(Beginning of Material shown)
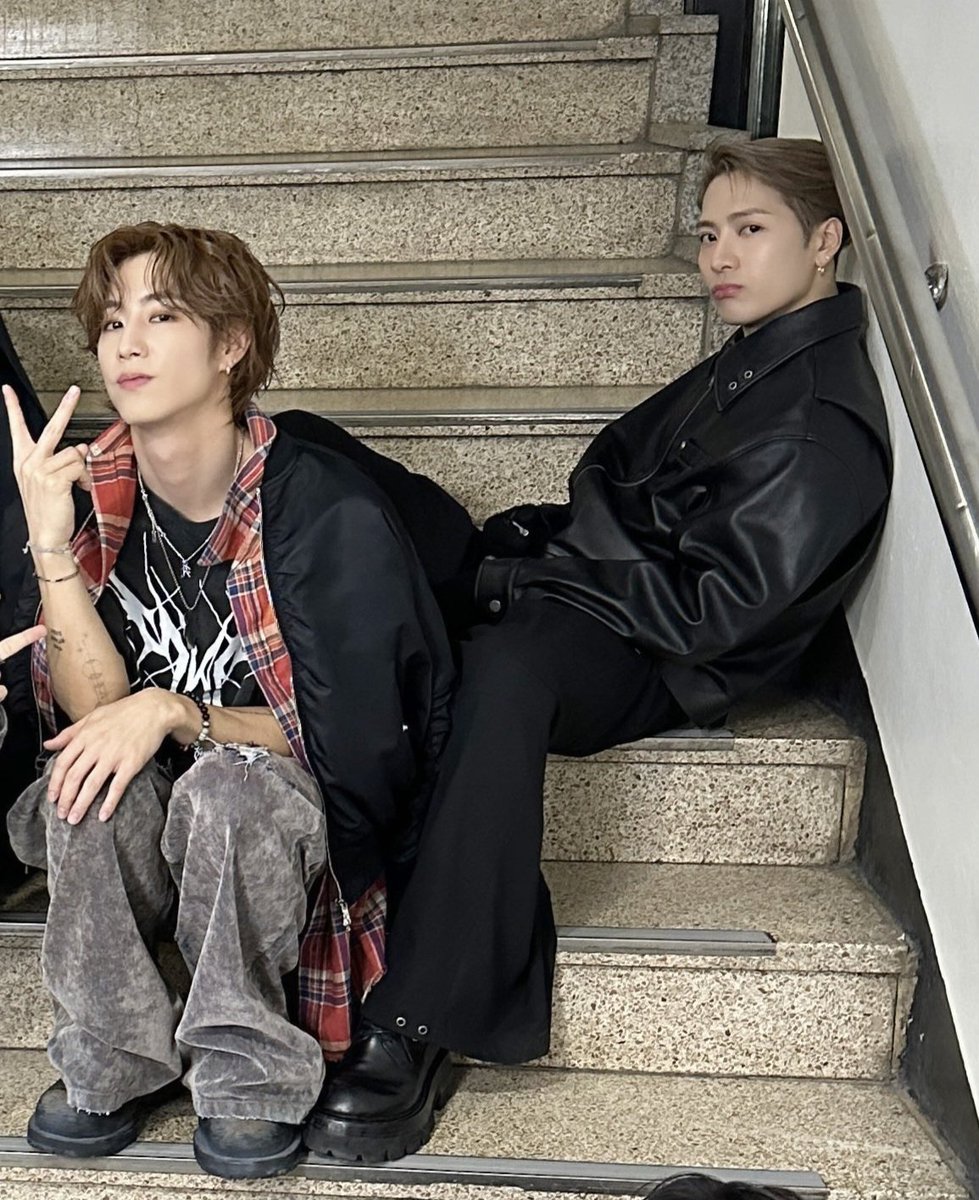 Zuzuzazafangy's tweet photo. ตำแหน่งและองศาการนั่งอ่ะแกร เป็นเขิลลจุง🤭😳 #Jatk #Markson https://t.co/XAOxakgpQ2
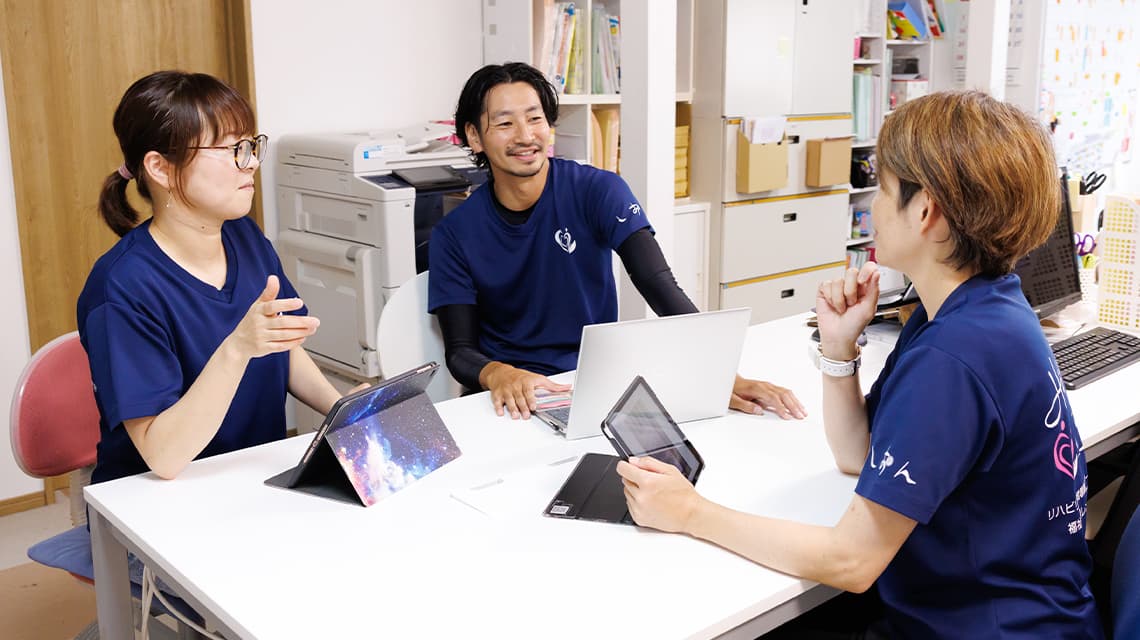 意見を交わし合う看護師や専門職のスタッフイメージ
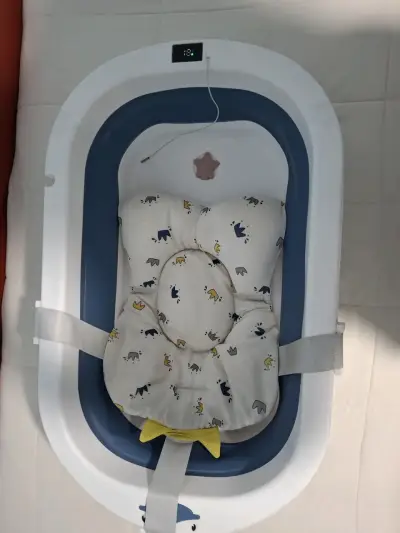 Tina plegable para bebé con cojín estampado - miniatura 1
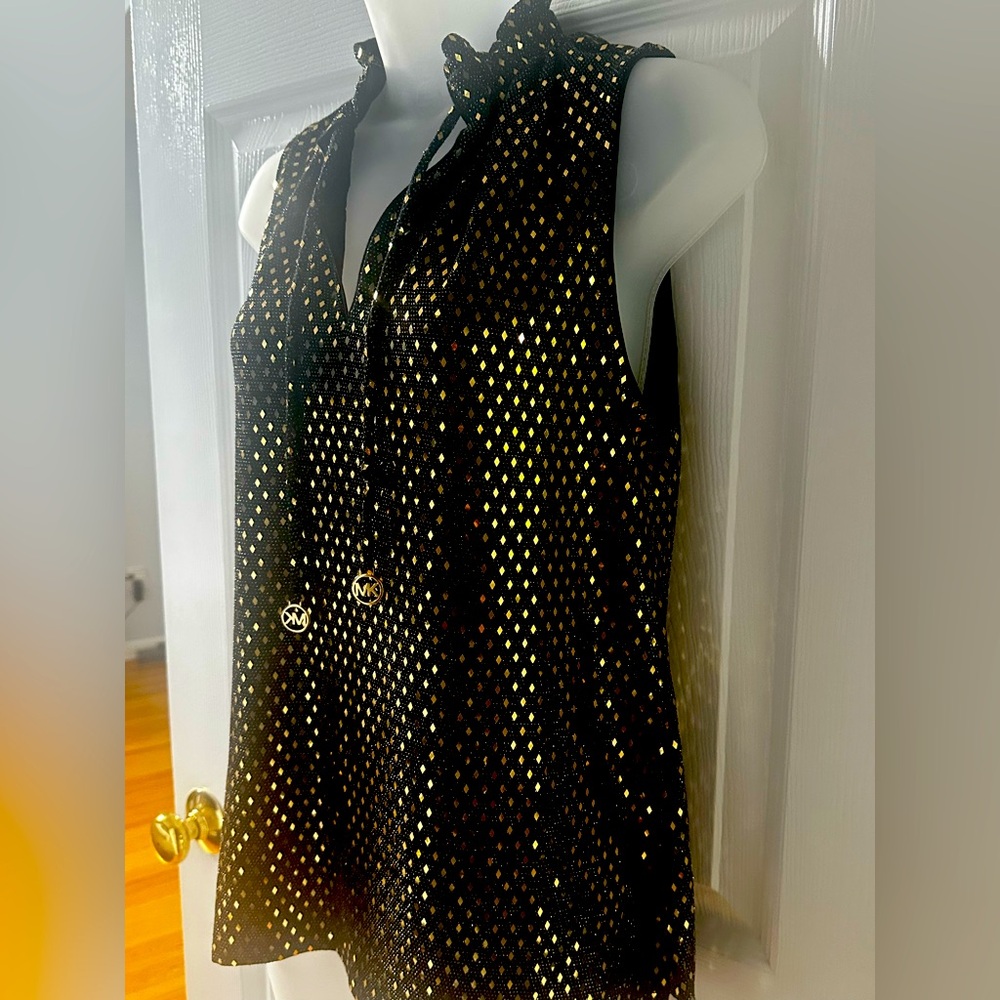 NWOT Michael Kors gorgeous top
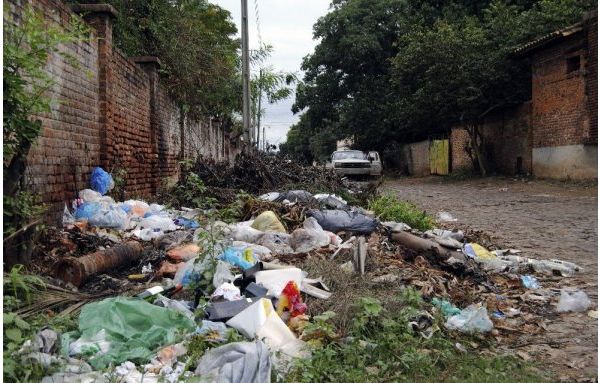 Mariano y Luque se quejan por falta de recolección de basura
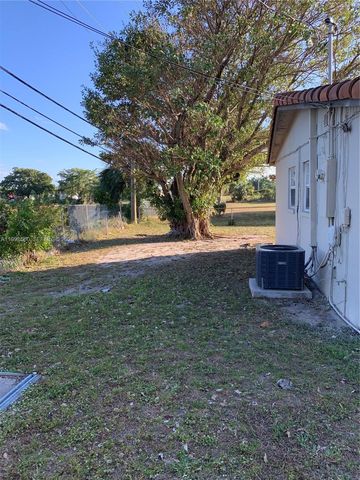 1710 NW 5th Ave 1710, Pompano Beach, FL 33060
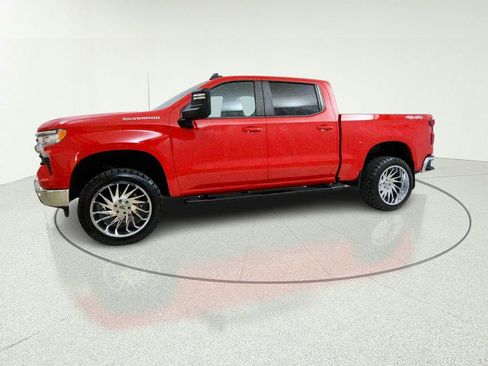 Used 2022 Chevrolet Silverado 1500 LT w/ Work Truck Package AWD/4WD image 4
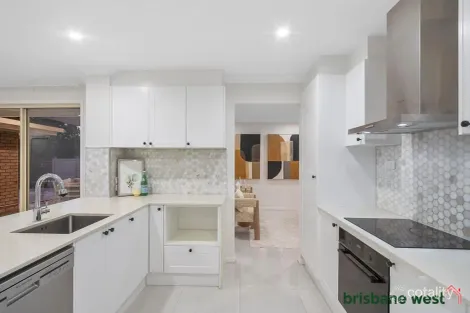 Property photo of 51 Watarrka Parkinson QLD 4115
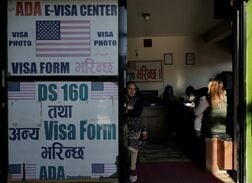 米政権、世界各地でビザ面接を一時停止　移民取り締まり強化で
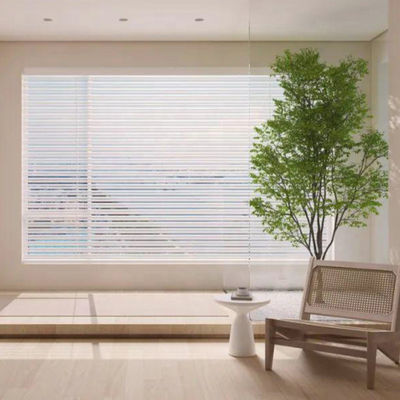 Convenientes persianas de ventanas venecianas sin cables con limpieza en seco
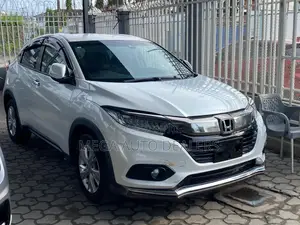 Honda Vezel 2018 White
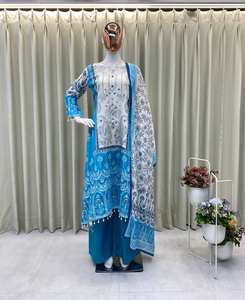 Ensemble ethnique élégant trois pièces prêt-à-porter : Kurta, Palazzo et Dupatta, idéal pour les occasions décontractées et les fêtes - Product Image 3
(End of Material shown)
__What you need to do__: Transcribe exactly, and only, the lines from the one with "Mariano y Luque" through the final line of the data above. The pictures stay out.

__Result for this exercise__:
 Mariano y Luque se quejan por falta de recolección de basura
 1710 NW 5th Ave 1710, Pompano Beach, FL 33060
 Used 2022 Chevrolet Silverado 1500 LT w/ Work Truck Package AWD/4WD image 4
 Property photo of 51 Watarrka Parkinson QLD 4115
 米政権、世界各地でビザ面接を一時停止　移民取り締まり強化で
 Convenientes persianas de ventanas venecianas sin cables con limpieza en seco
 Honda Vezel 2018 White
 Ensemble ethnique élégant trois pièces prêt-à-porter : Kurta, Palazzo et Dupatta, idéal pour les occasions décontractées et les fêtes - Product Image 3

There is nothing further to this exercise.